In the middle of a booming economy, with many state revenue sources surging, flat transportation revenues were the focus of warnings Monday in presentations by Virginia Secretary of Finance Aubrey Layne and Secretary of Transportation Shannon Valentine.

“I think we are heading for a cliff,” Layne told the House Appropriations Committee.  “For the first time in our history, we’re seeing no increase in fuel tax revenue while vehicle miles traveled goes up.”

With the transportation funding package of 2013, Virginia became less reliant on an excise tax, fixed cents-per-gallon gasoline approach and started using the sales tax, percent-of-average-price model.  Wholesale prices have fallen rapidly since.  The tax was 17.5 cents per gallon before 2013, and is now 16.2 cents.  The Department of Motor Vehicles tracks prices and adjusts it annually.

Adjusted for inflation, as tracked by the federal Energy Information Agency in the chart above, the real price of gas has moved little in four decades and if anything is now about as low as ever.

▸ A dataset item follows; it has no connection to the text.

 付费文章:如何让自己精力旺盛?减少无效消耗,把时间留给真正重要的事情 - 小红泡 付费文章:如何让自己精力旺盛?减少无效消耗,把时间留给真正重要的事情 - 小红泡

Flat gas tax revenue and rising vehicle miles traveled. Source: Secretary of Finance

Seriously, did anybody really expect to see gas prices in Virginia so far below $2 a gallon ever again?  Well, it was always a possibility.  There is a floor under the statewide tax, preventing a total collapse of the revenue stream, which Virginia is now standing on. The projection Layne shared seems to assume we stay at the floor for a while.  The growing use of non-combustion engines is adding to the fiscal pinch.

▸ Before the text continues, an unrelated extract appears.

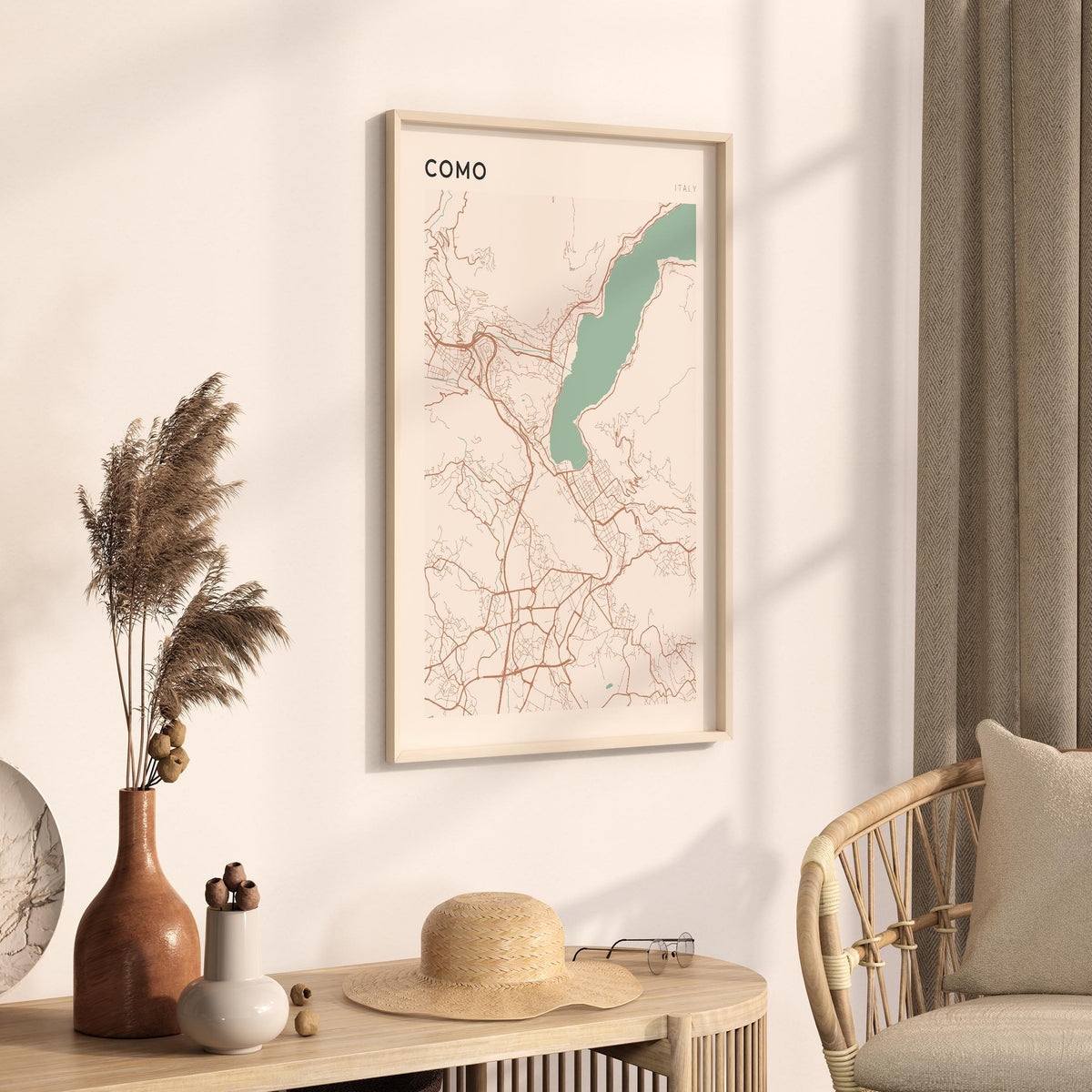 como italy map poster - image 2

Motor fuel taxes are now third on the list of transportation revenue sources, behind the general sales and use tax and the sales tax on motor vehicle sales and transfers.  The $750 million being collected in tolls around the state annually is closing rapidly on the $900 million or so paid in fuel taxes.

Five years after that highly-touted package the Fiscal Year 2018 transportation revenues missed their forecast.  The forecast for this fiscal year was reduced by $43 million.  It seems the improved revenues from the general sales tax, shared with transportation, are preventing even deeper deficits.  Total revenue for this year is estimated at about $3.6 billion, excluding the tolls.

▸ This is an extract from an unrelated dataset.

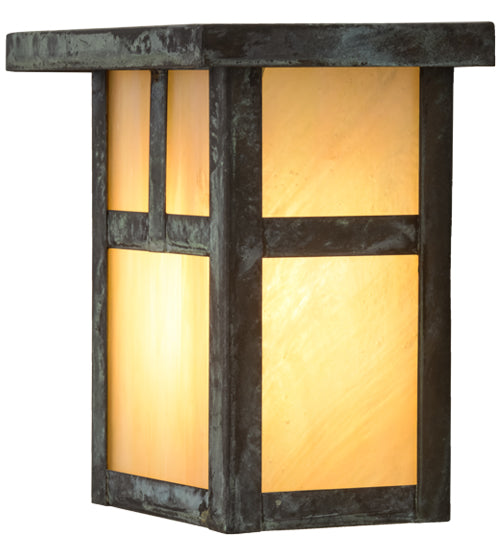 14"Sq Hyde Park Double Bar Mission Flushmount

Valentine outlined the massive projects underway in the wake of the 2013 transportation revenue measure.  She talked about the Next Big Thing, a $2 billion plus set of projects to deal with overloaded Interstate 81, with the expectation that tolls will cover that cost.   At a projected 17 cents per mile for heavy trucks and about 11 cents per mile for autos, the 325-mile transit will be expensive for people making the full trip (not Virginians, mainly, which is the point.)

Once those tolls are in place, and the tolls for the expanded Hampton Roads Bridge Tunnel, will toll revenue pass gas tax revenue?  Very soon, Virginia, very soon.  It will be the third highest revenue source, then the second.  Virginia’s tax at the pump is getting smaller and smaller relative to other states.

Virginians – indeed any person driving an automobile or smaller truck, wherever they live – may be able to buy a pass good for a year of driving on I-81 for a relatively modest fee.  Valentine took great pains Monday to explain why that option works for the I-81 corridor, but not for the highly-tolled I-95 and Washington Beltway corridor.  If an I-81 annual pass does become part of the final approach, however, the demand for that idea elsewhere will be enormous.

The I-81 legislation has not been introduced.

I was a broken record on Bacon’s Rebellion for years, advocating for an increase in the basic fuel tax, hated though it is, and worrying that the change in approach would backfire.  That debate over high gas taxes continues in Washington as federal highway funds dwindle.  The debate is over in Virginia.  Tolls will be the default position now.

Valentine explained that with tolling revenue, the bonds to support the I-81 plan will likely have AAA rating.  A similar amount of revenue, using a 2.1 percent add on to the gas tax and an additional 0.7 percent on the general sales tax, would likely earn AA rating, meaning higher interest payments and fewer dollars for pavement and technology.

Who cares what the voters want, listen to Wall Street.  The gas tax is so 20th Century.   The underwriters know that the forces eroding its usefulness will grow, not abate, and the political will to hike it from time to time to keep up with general inflation is lacking, in Richmond or Washington.